- Born: William Clifford Hogg January 31, 1875 Quitman, Texas, U.S.
- Died: September 12, 1930 (aged 55)
- Resting place: Oakwood Cemetery, Austin, Texas, U.S.
- Occupation: Attorney
- Known for: A political feud with Governor James "Pa" Ferguson; developer of River Oaks, Houston
- Parent(s): James Stephen "Big Jim" Hogg and Sallie (Stinson) Hogg
- Relatives: Ima Hogg (sister), Mike Hogg (brother)

= Will Hogg =

American attorney and developer

William Clifford Hogg (January 31, 1875 September 12, 1930) was an American attorney, developer, civic activist, and philanthropist.

==Early life==
William Clifford Hogg was born on January 31, 1875, in Quitman, Texas, the eldest child of Sallie (Stinson) Hogg and James Stephen "Big Jim" Hogg. Jim joined the Texas bar not long after the birth of his first son. Hogg grew up as his father pursued a political career, first gaining election as Wood County attorney in 1878, District Attorney in 1880, and Texas Attorney General in 1886. Three younger siblings were born during this time: Ima Hogg (c. 1882), Michael (1885), and Thomas Elisha (1887). The family moved to Austin in 1886, when Jim accepted his first statewide position, first living in a boarding house before moving into their own single-family house on Fourteenth Street. Hogg was 15 years-old when they moved into the Governor's Mansion.

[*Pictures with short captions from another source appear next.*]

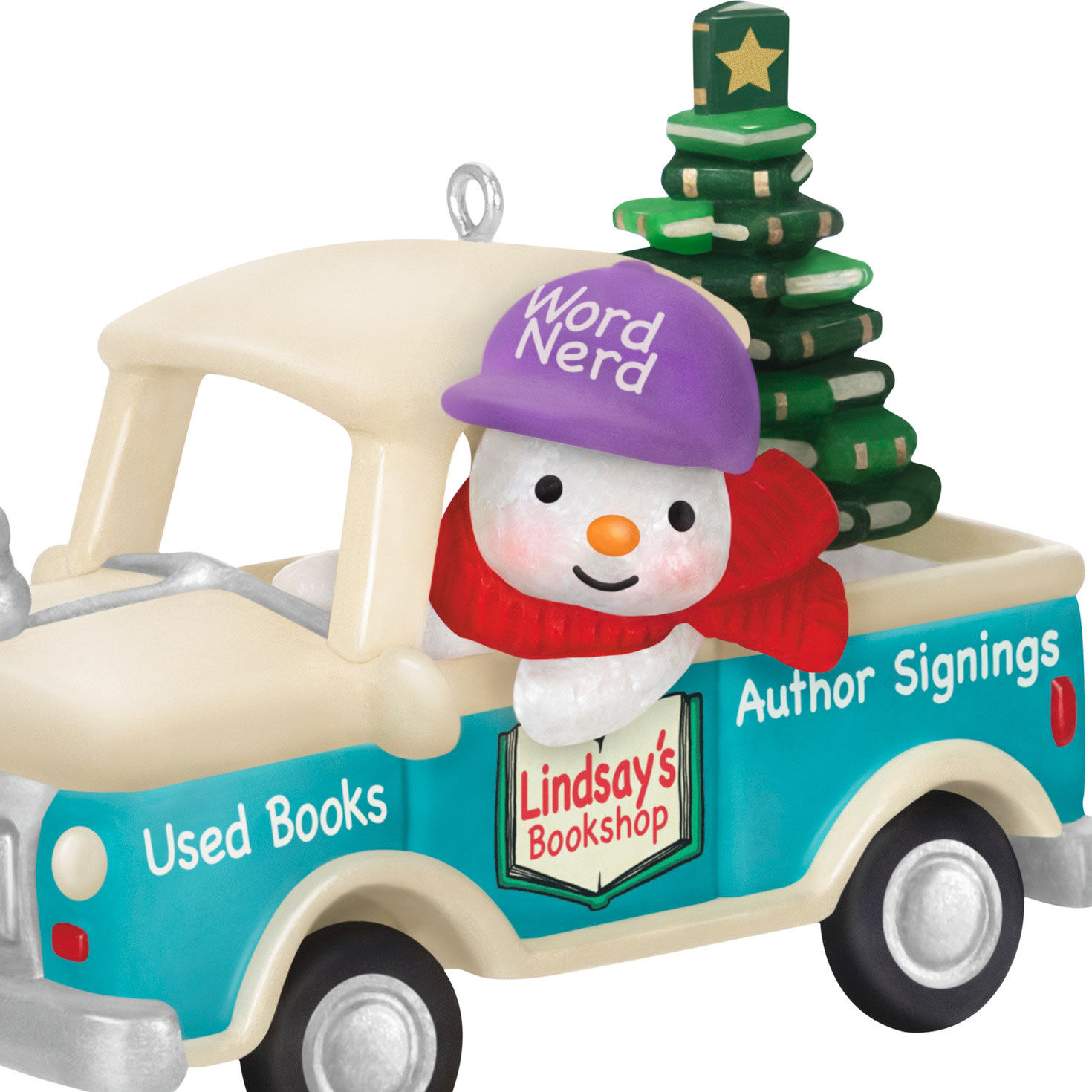 Snowman in Book Store Truck Keepsake Ornament closeup view image number 5
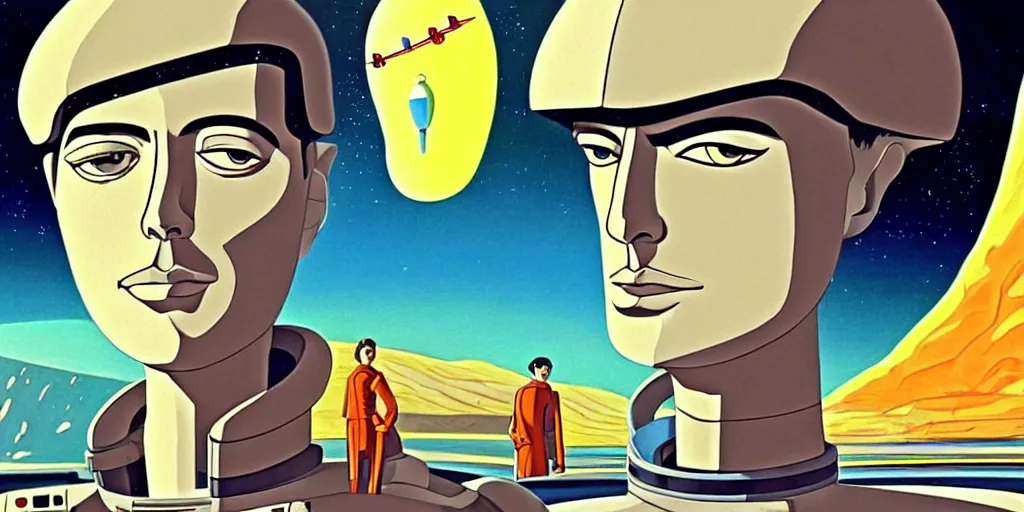 Prompt: traditional drawn colorful animation a symmetrical portrait of lonely single Alain Delon alone pilot in posing in spaceship station planet captain bridge outer worlds robots extraterrestrial hyper contrast well drawn in Jean Henri Gaston Giraud animation film The Masters of Time FANTASTIC PLANET La planète sauvage animation by René Laloux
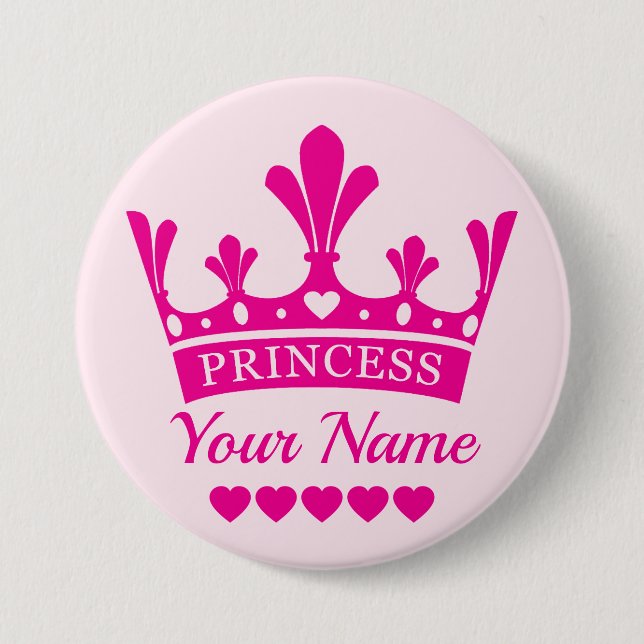 Pink Princess Crown 7.5 Cm Round Badge (Front)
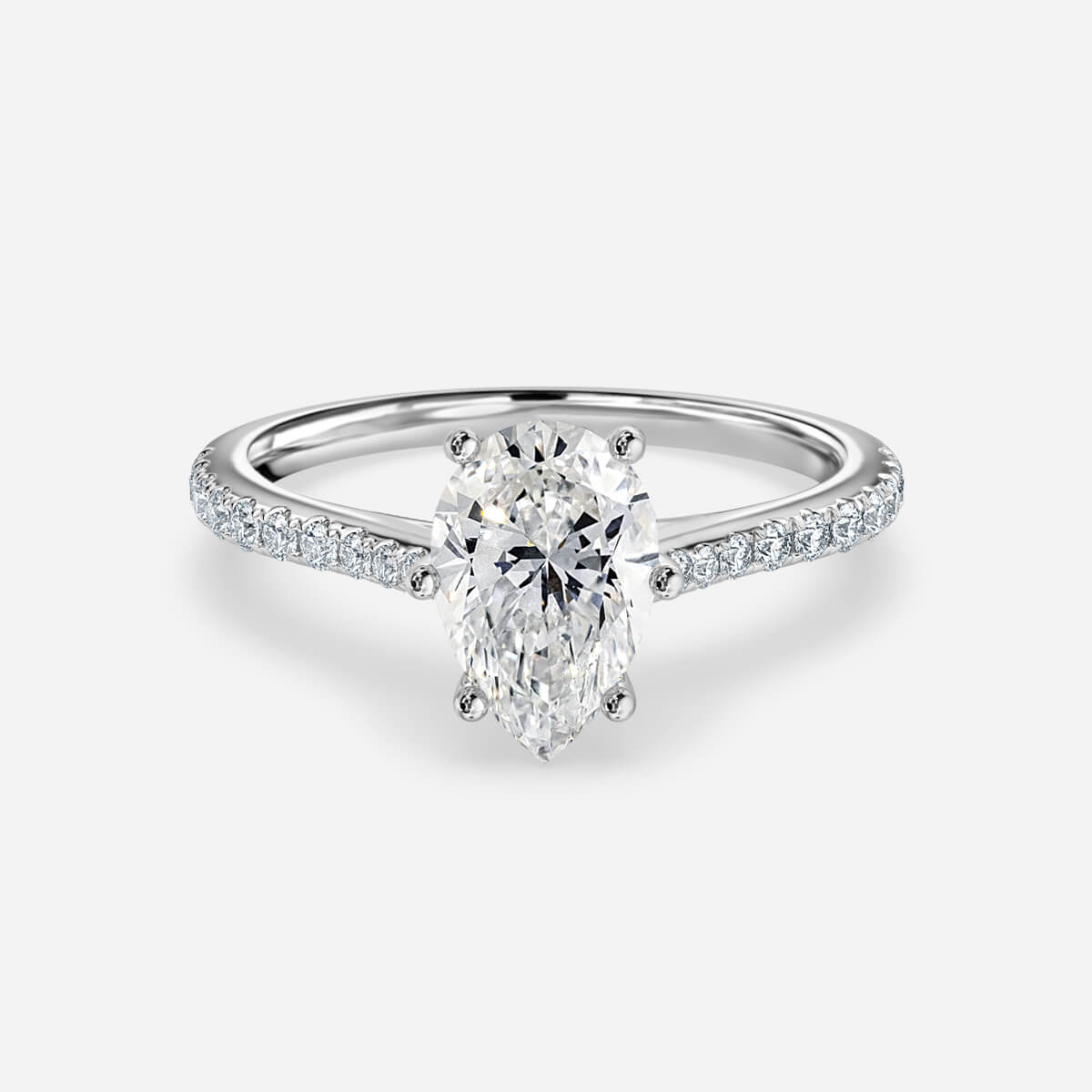 Odessa Pear Diamond Band Moissanite Engagement Ring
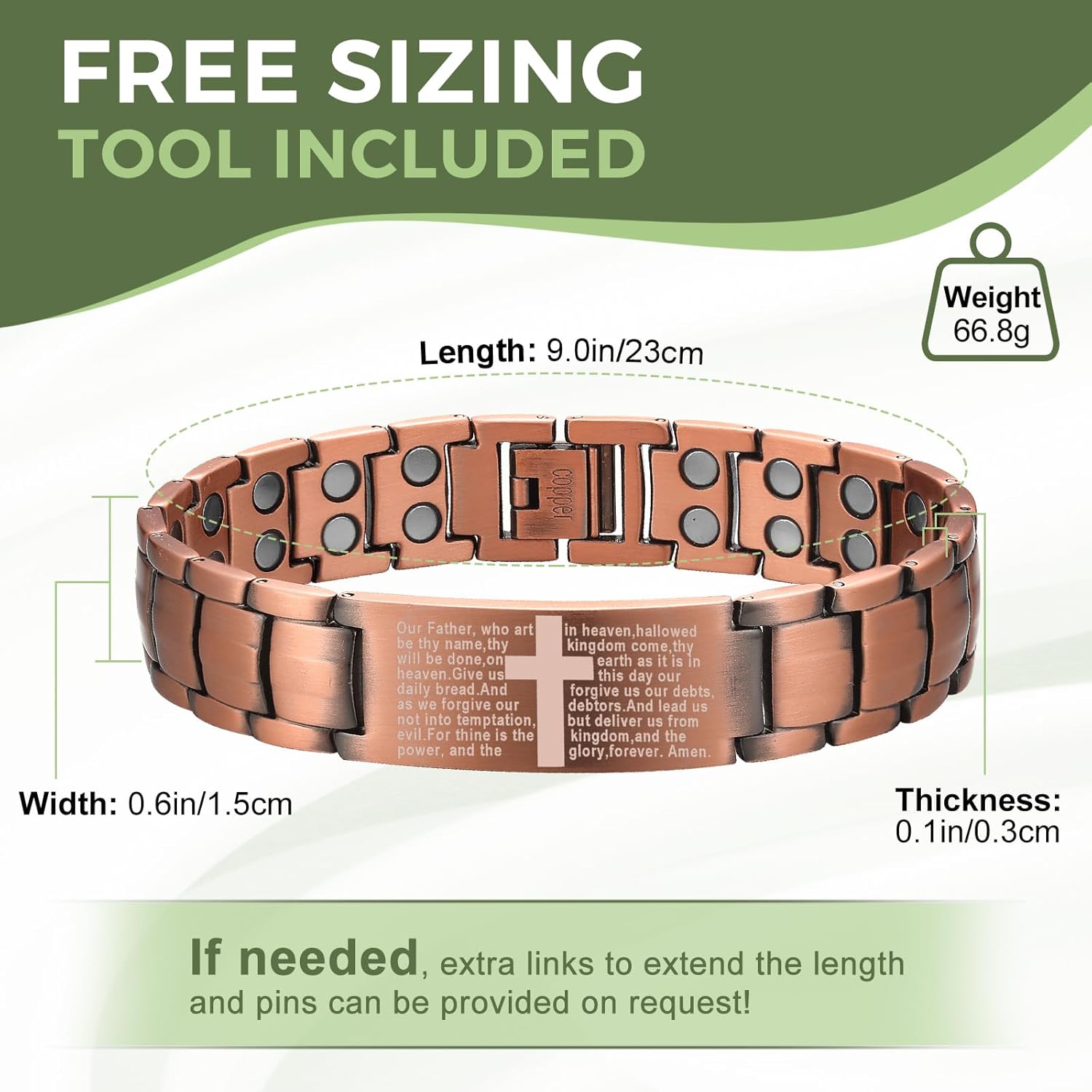 Men's Copper Magnetic Bracelet,99.9% Solid Copper Bracelets with Double-Row Strong Magnets, Adjustable with Sizing Tool Jewelry Box, Copper Bracelet ,  Copper Magnetic Rings，Cross Copper Magnetic Bracelet with Ultra Strength Magnets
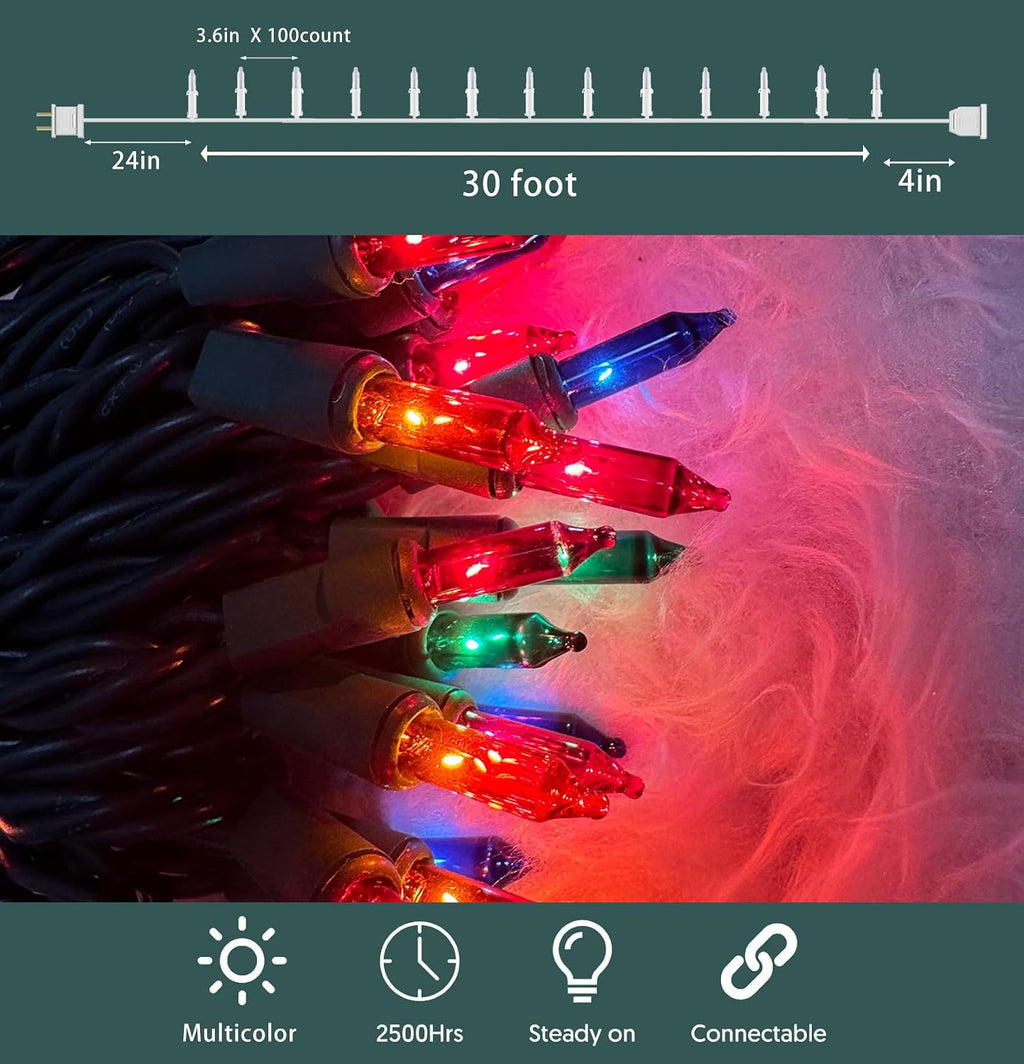 HISHINY Christmas Lights 100 Count Multicolor Christmas Tree String Lights with Green Wire for Outdoor Indoor Christmas Decorations Wedding Decorations Valentines Day Decor,UL Certified (32feet)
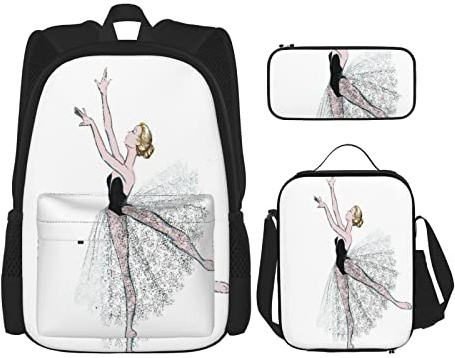 3 Piece Set Backpacks Classic Girl Young Ballerina Lacy Dress Ballet Swimsuit Actress Nouveau Artistic Design Book Bag Travel Work School Bag Pencil Case Lunch Bag Combination For Men Women Boys Girls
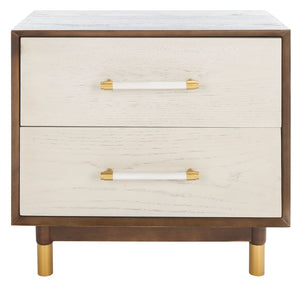 Safavieh Justice 2 Drawer Nightstand - Modern Design With Brass Accents, Perfect For Stylish Bedroom Storage Walnut / White Washed NST6402B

Hogg attended public schools, and briefly attended a secondary school near Tyler, Texas, before enrolling at Southwestern University. He considered a career in ministry, though he changed his curriculum at the University of Texas, where he earned a law degree in 1897.

==Career==
After graduation, Hogg worked as an attorney in San Antonio, Austin, and St. Louis.

Hogg worked for and was a friend of Joseph S. Cullinan and helped found the American Republics Corporation. In 1924, Hogg with his brother Mike and his old college friend, Hugh Potter, started a plan for an exclusive subdivision west of downtown Houston. They purchased 1200 acre of land, which included a fledgling country club. Rather than just acting as subdividers of suburban lots, they adopted an approach of "comprehensive planning".